Mas se este é o caso surge a pergunta: Quem colocou em seus cargos todos estes bispos? Sabemos que muitas dessas igrejas, como Filadélfia, Éfeso ou Esmirna estavam sob a supervisão do apóstolo João, que pessoalmente nomeou Policarpo, um dos bispos destinatários. Santo Inácio, também foi nomeado pelo apóstolos (Pedro e Paulo). Não parece muito plausível a hipótese de que a “evolução” ocorreu repentinamente na cara dos próprios apóstolos, sem que eles soubesse ou fizessem parte disto.
Nem parece muito plausível que o episcopado monárquico é algo que eles adotaram exclusivamente nas igrejas específicas, Santo Inácio, pelo contrário, expressa a crença de que esta é a situação de todas as igrejas do mundo quando se refere a “os Bispos, estabelecidos pelo confins da terra” (Carta aos Efésios III,2) . E vimos como para ele a palavra bispo tem um sentido monarquista inegável.

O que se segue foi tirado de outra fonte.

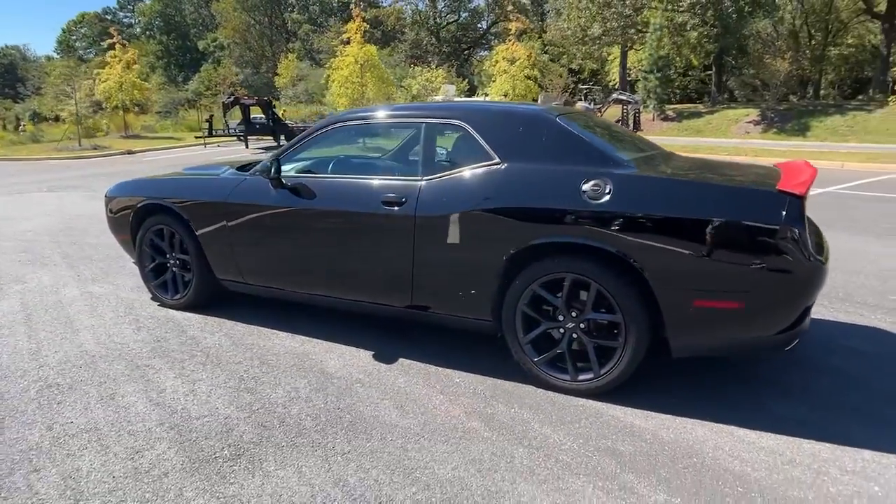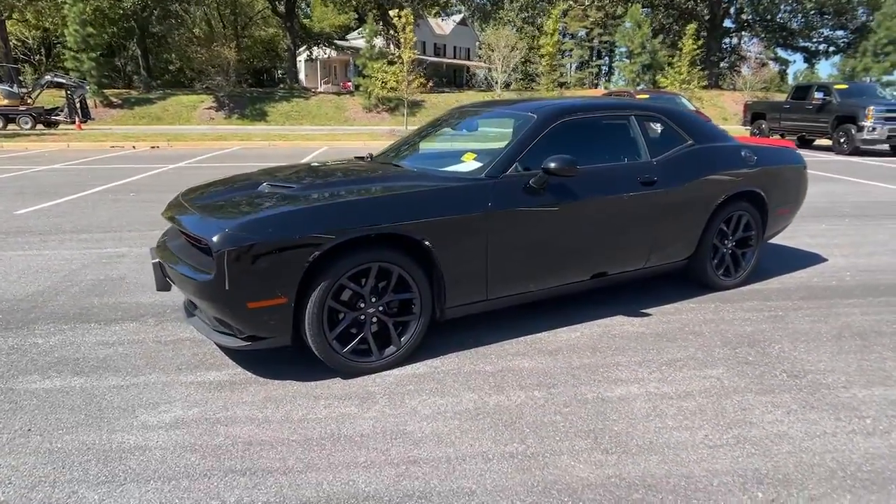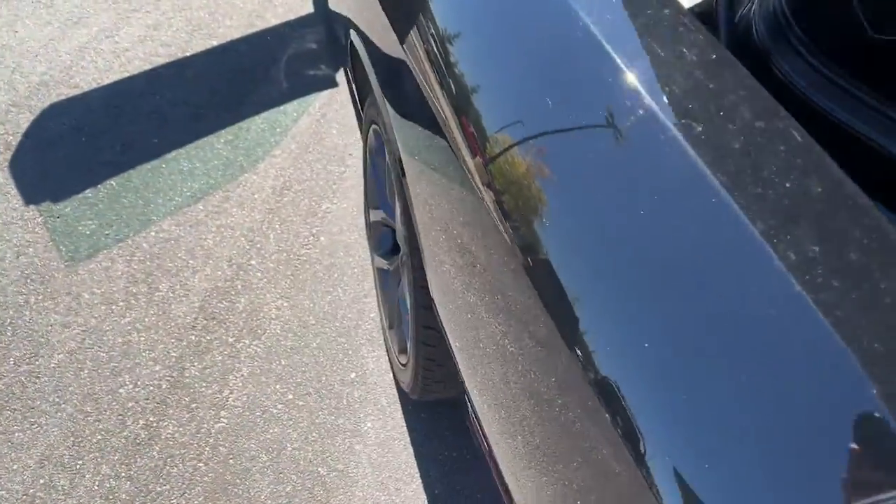These are just some of the great options this vehicle comes with: keyless entry, V6 cylinder engine, heated mirrors, keyless start, satellite radio, and backup camera.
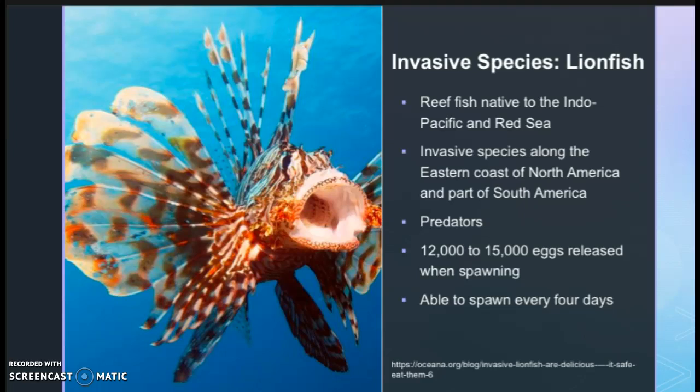Lionfish are very damaging to the ecosystem of the Florida Keys in many different ways. They eat native fish as well as compete with native fish for resources. Lionfish also do not have a lot of predation stress on them, which allows the species to flourish. This causes large ecological consequences because lionfish are causing the depletion of species that play important roles in the natural ecosystem.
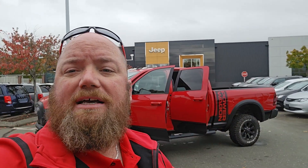Hey guys, Red Jacket Rob here from Comox Valley Dodge. Directly behind me I have a 2018 Ram 2500 Crew Cab Power Wagon 4x4 with just under 73,000 K. Let's take a closer look at it.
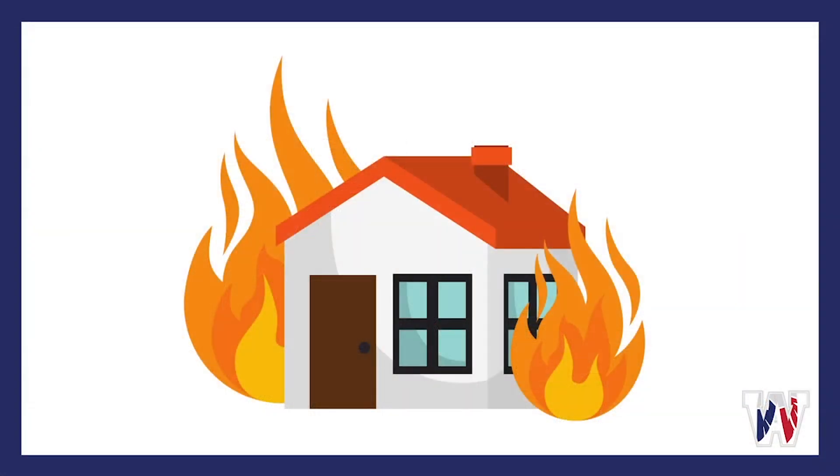As you know, families are spending more time at home these days, and knowing how to prevent fires and what to do during a fire is essential.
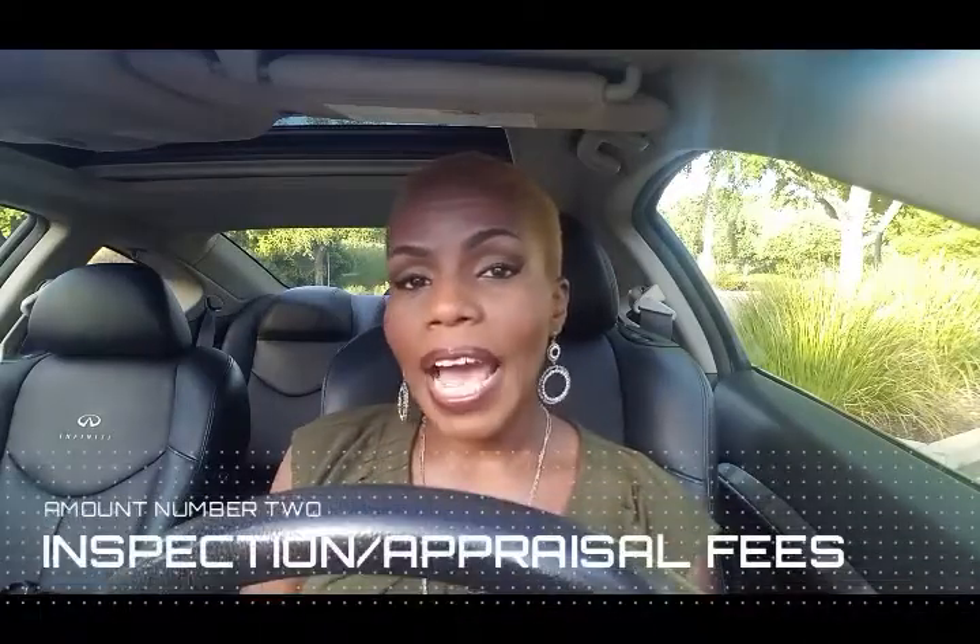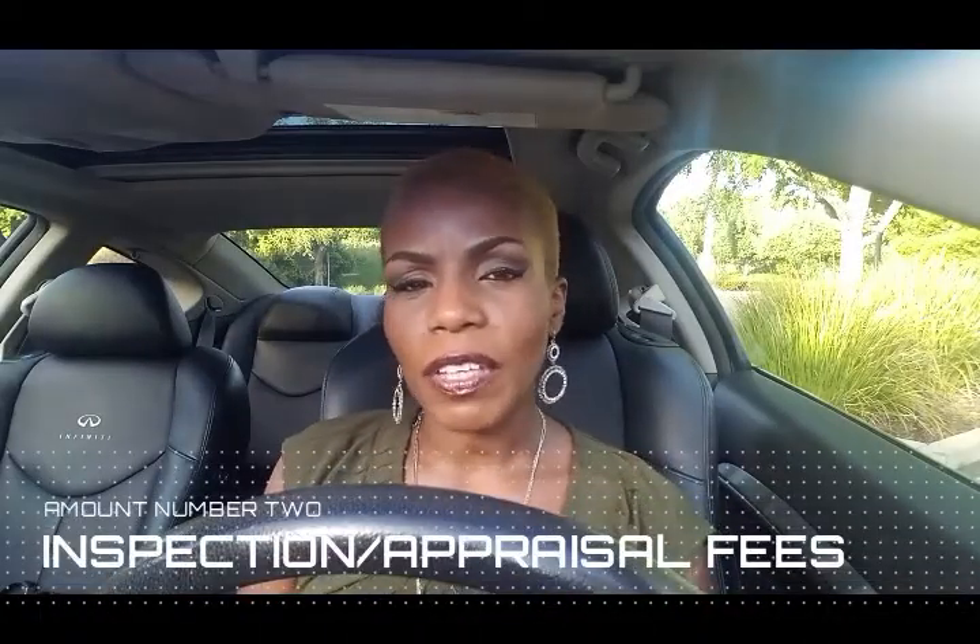The second set of funds that you want to have in the bank ready to go are your inspection fee funds. Here in Sacramento, the buyer traditionally pays for all of their inspections. You don't want the seller paying for your inspection because then the seller's inspector might be biased in their favor. Sometimes the seller might have some inspections on hand that may serve you well and you want to review those, but it's not always a guarantee. Be prepared to pay for your own inspections — typically there's a pest inspection, home inspection, and roof inspection. In Sacramento, there are also sewer inspections because of all the trees.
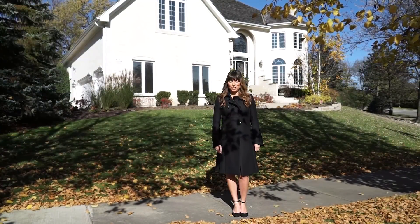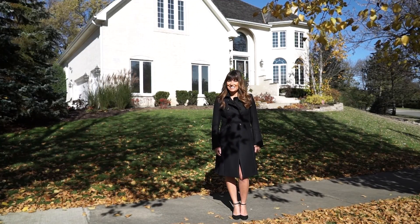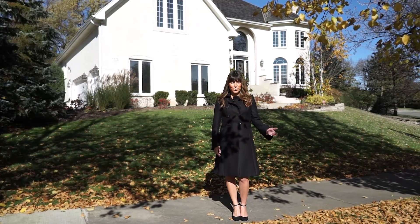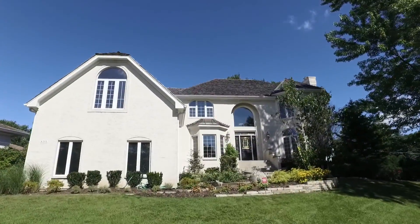Welcome to 6101 Wildwood in Burr Ridge. This home is in Elm School, Hinsdale Middle School, and Hinsdale Central. It's got pond views, it's all brick, over 4,200 square feet, and a gorgeous backyard.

Além disso, não é possível encontrar vestígios que essa instituição tenha sido contestada de alguma forma. A este respeito, explica historiador Afonso Van Hove:
“A melhor evidência para a existência, nesta fase inicial do episcopado monárquico é o fato de que no final do segundo século não há nenhum vestígio de qualquer mudança na organização. Essa mudança teria levado o colégio presbítero-bispos a sua de autoridade soberana, e é quase impossível compreender como este corpo teria permitido ser privado de sua autoridade em todos os lugares, sem deixar em documentos contemporâneos a menor evidência de um protesto contra a mudança importante. Se o episcopado monárquico só começou em meados do século II, é impossível compreender como no final do segundo século eram geralmente conhecidas e aceitas as listas episcopais muitos importantes de sucessão diocesana de bispos que datam do século I. Tal como, por exemplo, foi o caso de Roma.” (Van Hove, Alphonse. “Bishop.” The Catholic Encyclopedia. Vol. 2. New York: Robert Appleton Company, 1907)

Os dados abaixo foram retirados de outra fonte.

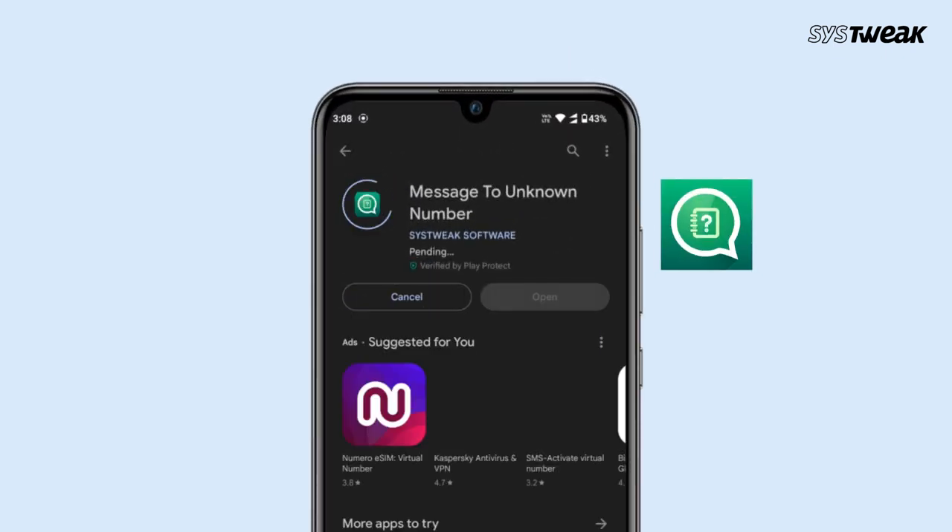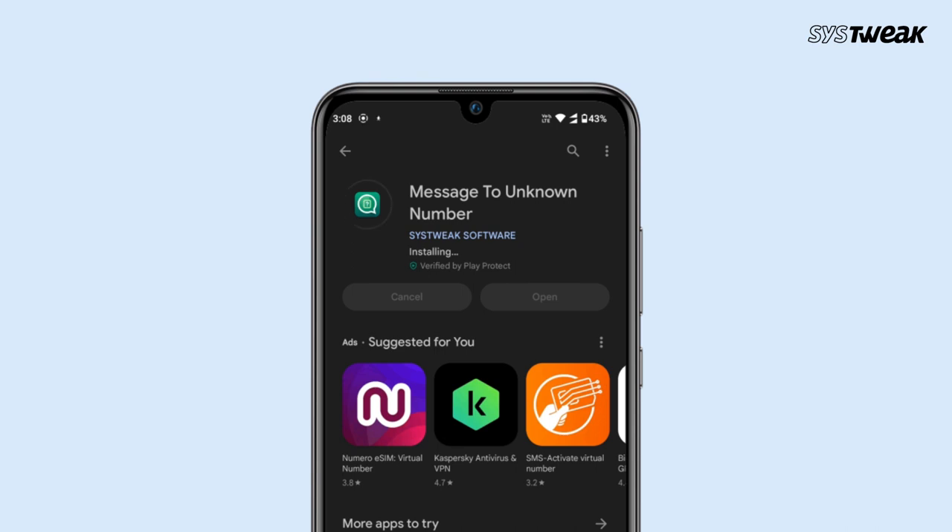Go to the Play Store or App Store and download the app named "Message to Unknown Number" and you are all sorted.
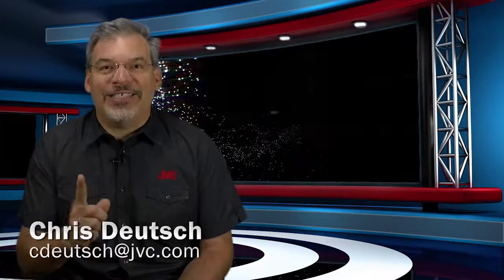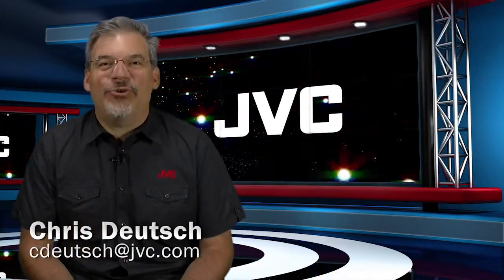Each home theater is unique, and JVC DILA projectors can be used with almost any application, including 3D, ultra-wide cinemascope screens, anamorphic lenses, and the most advanced system controls. That's the JVC Minute. I'm Chris Deutsch.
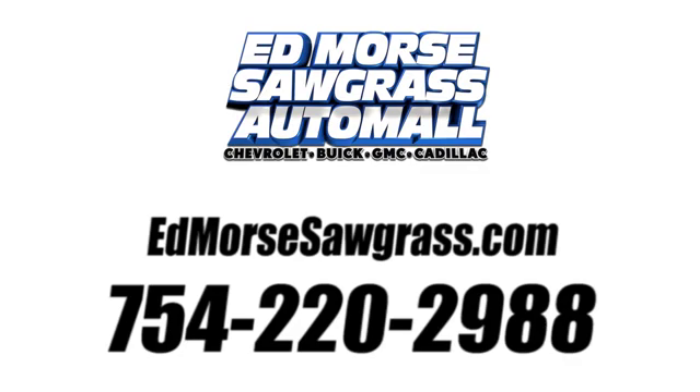Call us today at 754-220-2988. For value and for service, it's Edmars.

Santo Inácio e a Igreja de Roma
Em todas as suas epístolas Santo Inácio chama quase todos os bispos por nomes (Onesimus em Éfeso, Policarpo de Esmirna, Magnésia Damas, Políbio Trales), mas em sua carta à Igreja romana não nomeia qualquer bispo. Os protestantes tendem a ver nesta omissão como prova de que não havia um episcopado monárquico em Roma. No entanto, também não fala de um colégio dos presbíteros, nem mesmo dirige sua carta a alguém que ocupa uma posição de autoridade na Igreja de Roma. Para encontrar a razão você tem que estudar o contexto da situação: O Império Romano já tinha martirizado um dos chefes da cristandade. O célebre Inácio, Bispo da primeira Sé de São Pedro, para quem todos os bispos destinatários ao contrário do Bispo de Roma seriam considerados pequenos peixes. Não seria prudente identificar pelo nome em uma carta o bispo de Roma, precisamente, a principal Igreja da cristandade localizada na cidade onde ele foi levado para ser martirizado.

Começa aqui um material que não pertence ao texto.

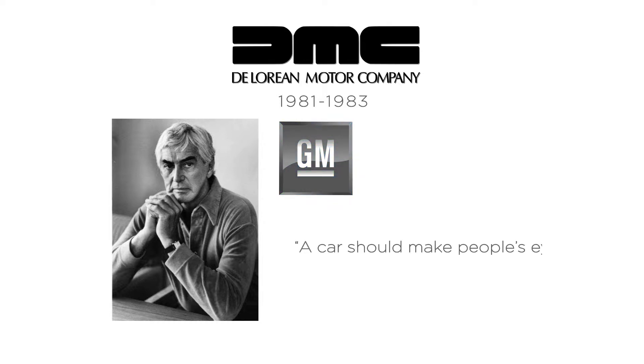Have you heard of the DeLorean Motor Company? Probably not. The company only lasted from 1981 to 1983. It was founded by John DeLorean, who spent most of his career working at General Motors, but by 1972 he was getting sick of the company. He thought the company had gotten bland and believed a car should make people's eyes light up when they step in the showroom. So he started his own company and designed an iconic vehicle.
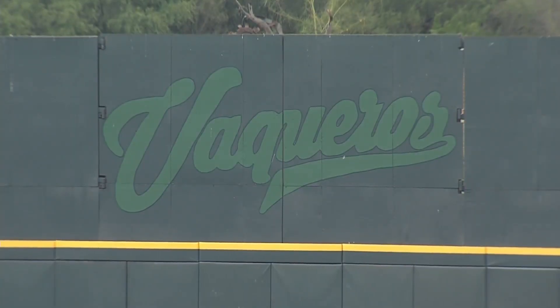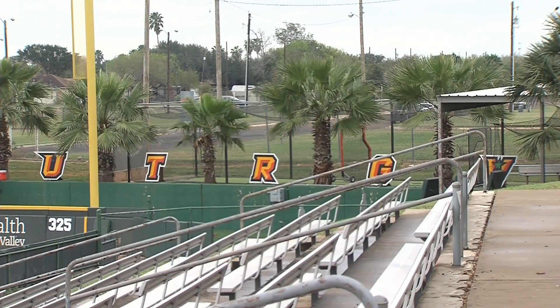Still about a couple of weeks of practice before the Vaqueros open their season at home. UTRGV's first game is on February 17th against Houston Baptist.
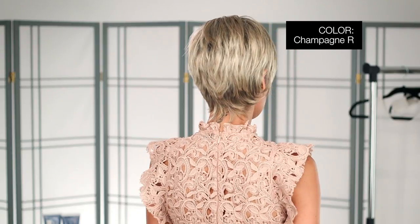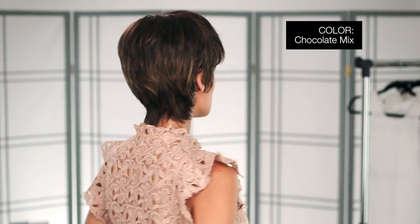I'm wearing mine in color Champagne Rooted — light beige, medium honey blonde, and platinum blonde with dark roots. This color is Chocolate Mix: medium dark brown base with light reddish blonde highlights. Short and flirty, I know you're going to love this style.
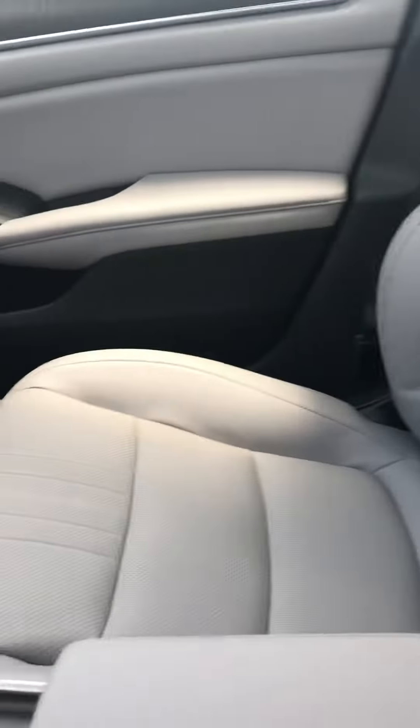Nice gray leather interior. It does have heated seats and a sunroof.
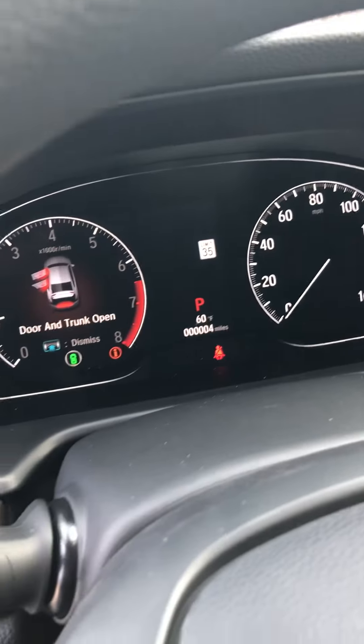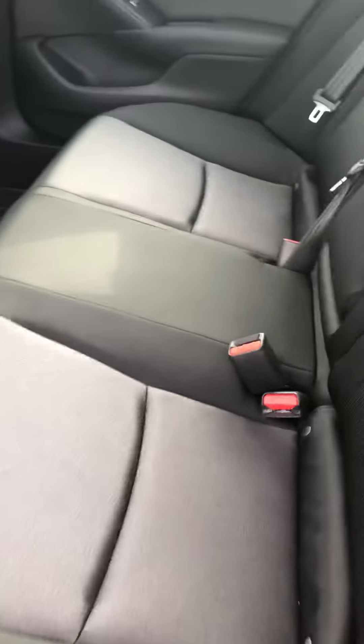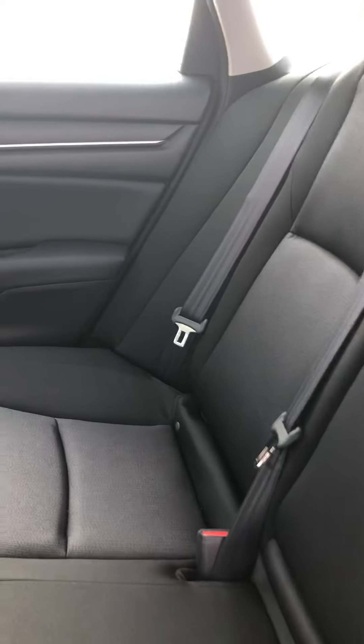It has a black cloth interior and does have a sunroof. It also has the electronic parking brake with brake hold feature, and it does have heated seats even though it is cloth.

Também não se pode esquecer que o tom que Santo Inácio para dirigir-se a Igreja Romana é substancialmente diferente das outras. Para ele, Roma é:
“Inácio, também chamado Teóforo, à Igreja que recebeu misericórdia pela grandeza do Pai altíssimo e de Jesus Cristo Seu Filho único, Igreja amada e iluminada pela vontade d’Aquele que escolheu todos os seres, isto é, segundo a fé e a caridade de Jesus Cristo nosso Deus, ela que também preside na região da terra dos romanos, digna de Deus, digna de honra, digna de ser chamada bem-aventurada, digna de louvor, digna de êxito, digna de pureza, e que preside à caridade na observância da lei de Cristo e que leva o nome do Pai. Saúdo-a também em nome de Jesus Cristo, filho do Pai. Aos que aderem a todos os seus mandamentos segundo a carne e o espírito, inabalavelmente cumulados e confirmados pela graça de Deus, purificados de todo colorido estranho, desejo todo o bem e irrepreensível alegria em Cristo Jesus nosso Deus.” (Carta aos Romanos – Introdução.)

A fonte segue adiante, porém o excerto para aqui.